### [Your goal]
Repeat exactly what runs from the line with "Architectural Interior with" through the last line of the material, and keep the pictures out of it.

Start of The data

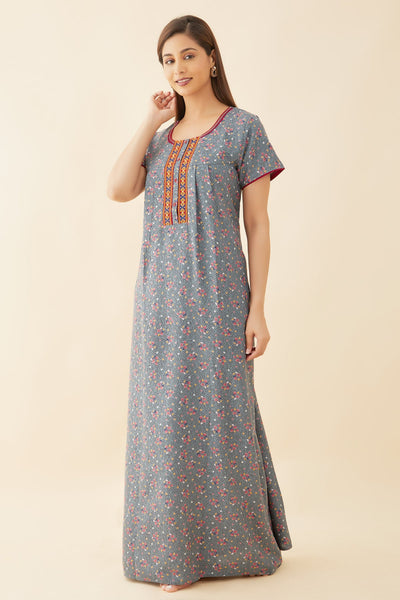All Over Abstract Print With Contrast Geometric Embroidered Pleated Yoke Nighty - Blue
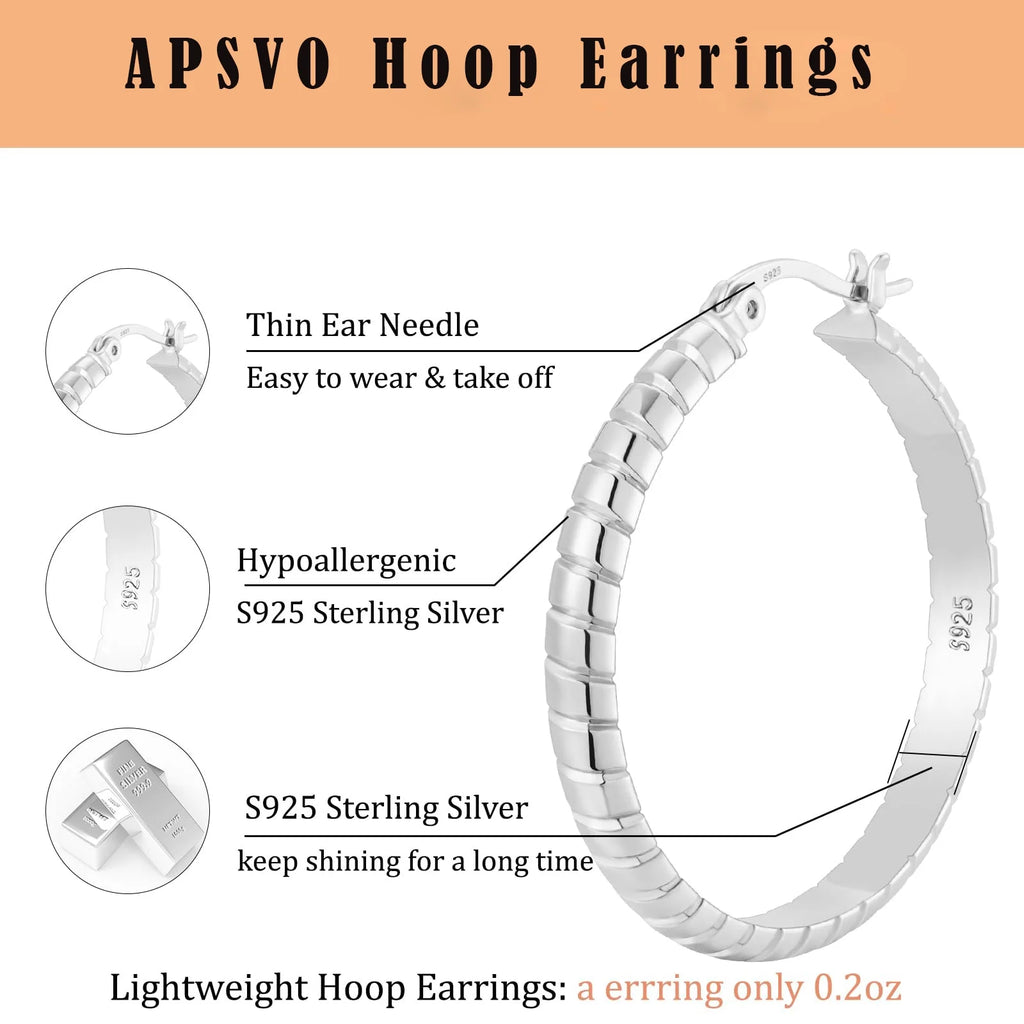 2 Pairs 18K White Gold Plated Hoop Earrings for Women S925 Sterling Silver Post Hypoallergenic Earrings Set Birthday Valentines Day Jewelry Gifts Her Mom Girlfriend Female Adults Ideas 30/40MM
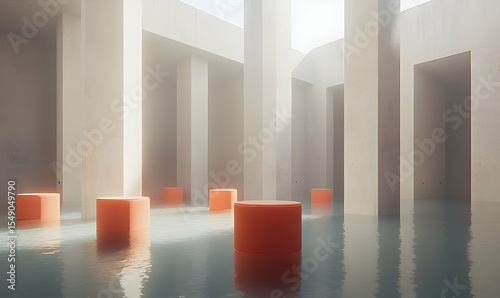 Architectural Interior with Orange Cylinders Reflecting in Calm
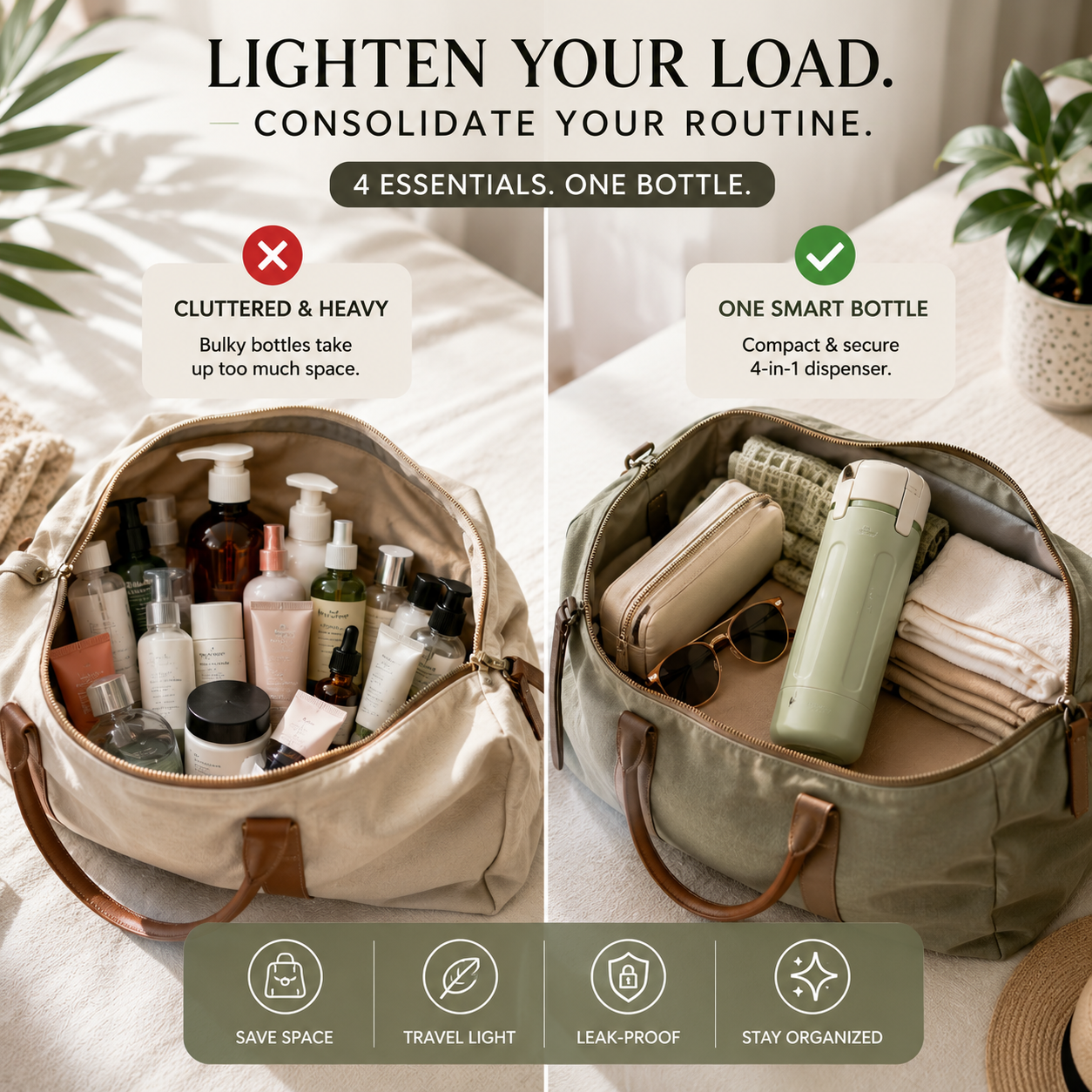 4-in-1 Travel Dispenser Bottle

End of The data

### [Answer]
 Architectural Interior with Orange Cylinders Reflecting in Calm
 4-in-1 Travel Dispenser Bottle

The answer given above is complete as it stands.